> Input material
'''

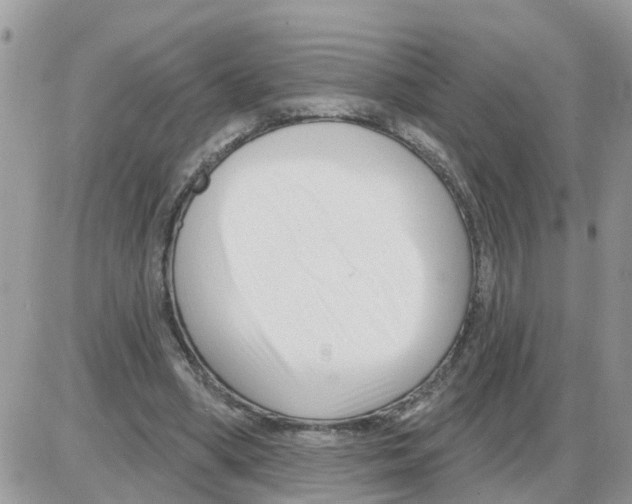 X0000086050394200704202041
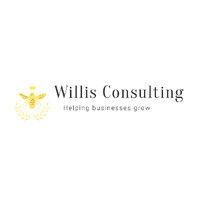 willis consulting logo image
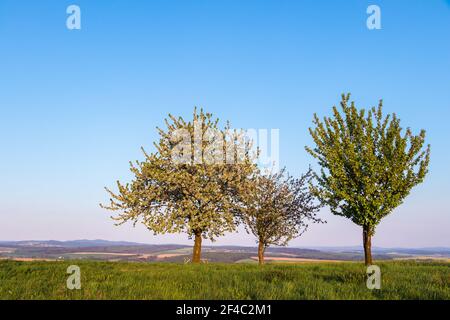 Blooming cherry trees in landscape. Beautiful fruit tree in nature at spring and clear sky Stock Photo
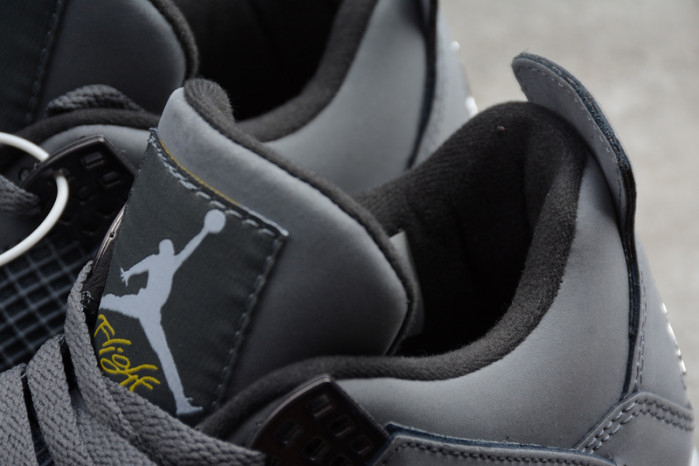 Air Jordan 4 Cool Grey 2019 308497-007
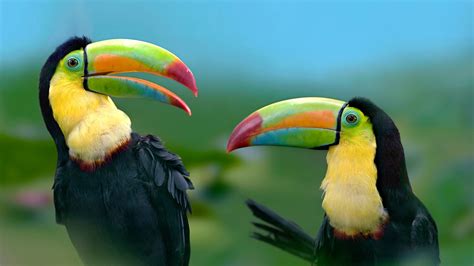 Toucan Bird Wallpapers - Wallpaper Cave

'''
'''

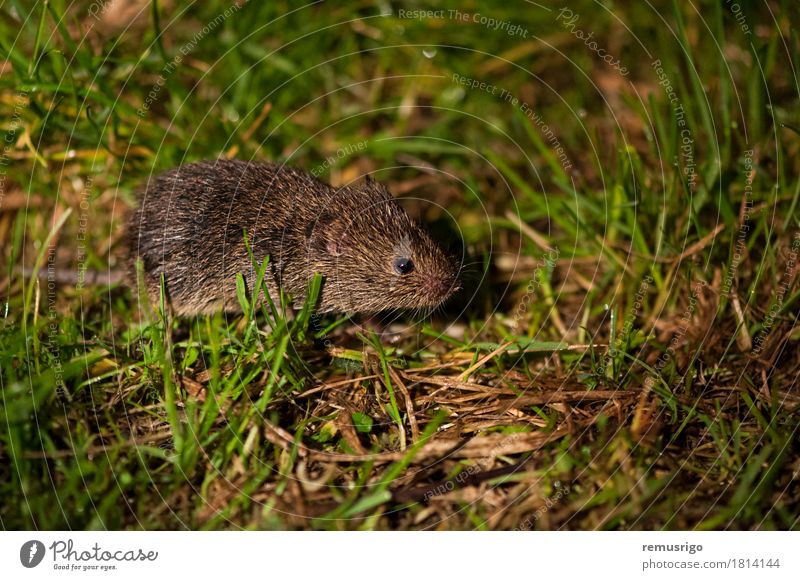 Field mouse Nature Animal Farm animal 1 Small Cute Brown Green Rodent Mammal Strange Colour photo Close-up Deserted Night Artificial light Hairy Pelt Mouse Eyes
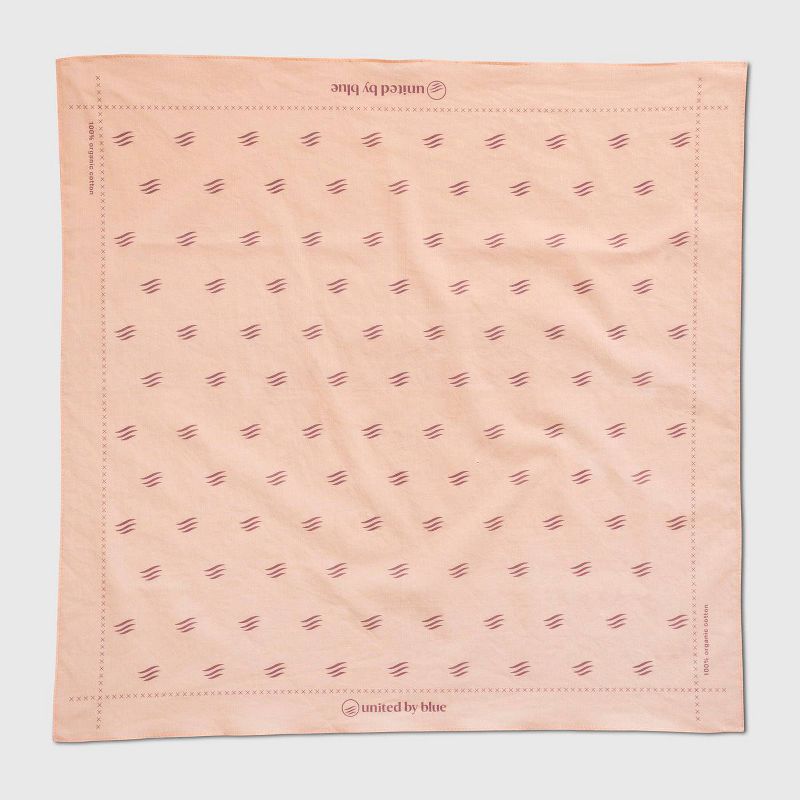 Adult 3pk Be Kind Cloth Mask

'''

Go down the entries above from the line containing "X0000086050394200704202041" to the line containing "- Wallpaper Cave" and write out each line exactly, leaving pictures out.

 X0000086050394200704202041
 willis consulting logo image
 Blooming cherry trees in landscape. Beautiful fruit tree in nature at spring and clear sky Stock Photo
 Air Jordan 4 Cool Grey 2019 308497-007
 Toucan Bird Wallpapers - Wallpaper Cave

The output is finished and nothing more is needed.